▸ What you have to do
For the entries that appear below, write out the exact text and omit the pictures.

▸ Dataset content
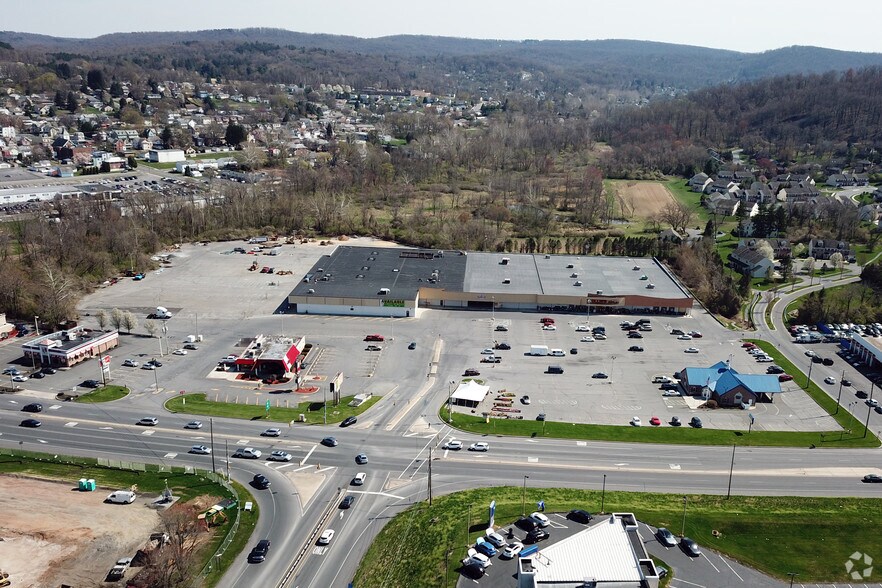 Primary Photo Of 2251 Lancaster Pike W, Reading Unknown For Sale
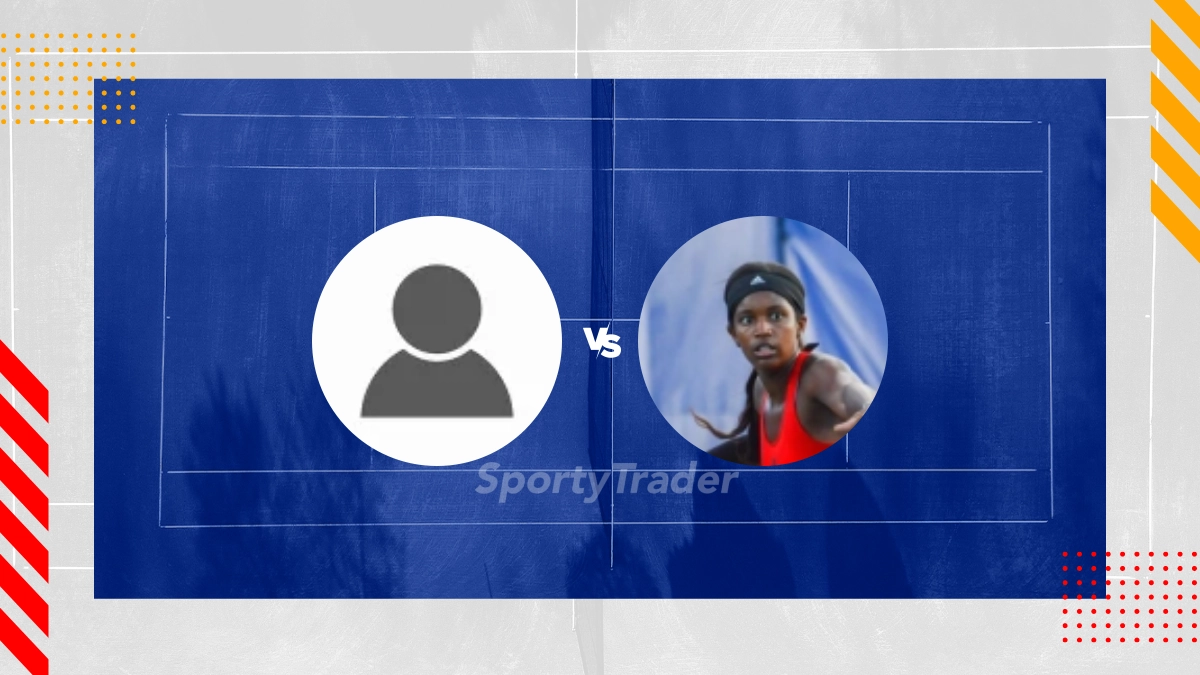 Lisa Zaar vs Alana Smith Prediction
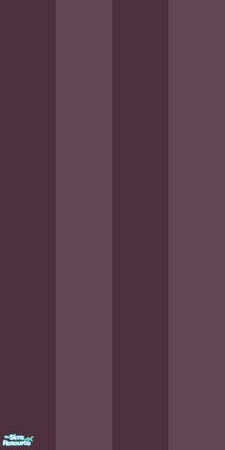 Sims 2 — NK Purple Walls/Floors - Stripes by MoMama — Purple striped wallpaper.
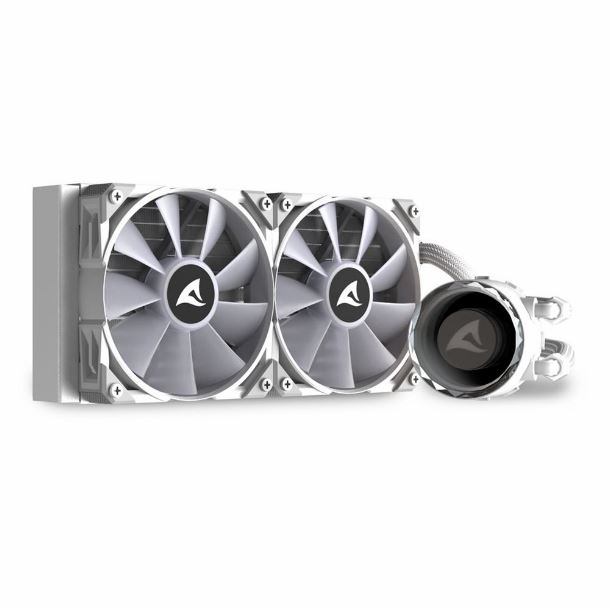 watercooler-240mm-sharkoon-s80-rgb-aio-blanco
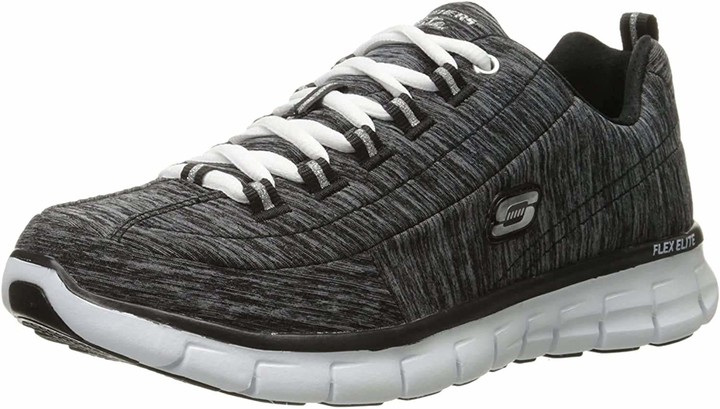 Skechers Synergy - Trend Setter Women's Low-Top Sneakers - ShopStyle  Trainers & Athletic Shoes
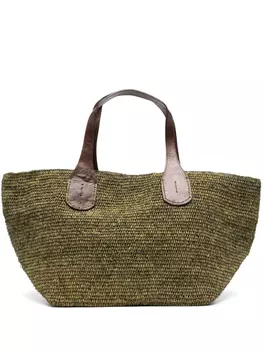 Сумка Tokio II IBELIV, зеленый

▸ Result of the task
 Primary Photo Of 2251 Lancaster Pike W, Reading Unknown For Sale
 Lisa Zaar vs Alana Smith Prediction
 Sims 2 — NK Purple Walls/Floors - Stripes by MoMama — Purple striped wallpaper.
 watercooler-240mm-sharkoon-s80-rgb-aio-blanco
 Skechers Synergy - Trend Setter Women's Low-Top Sneakers - ShopStyle  Trainers & Athletic Shoes
 Сумка Tokio II IBELIV, зеленый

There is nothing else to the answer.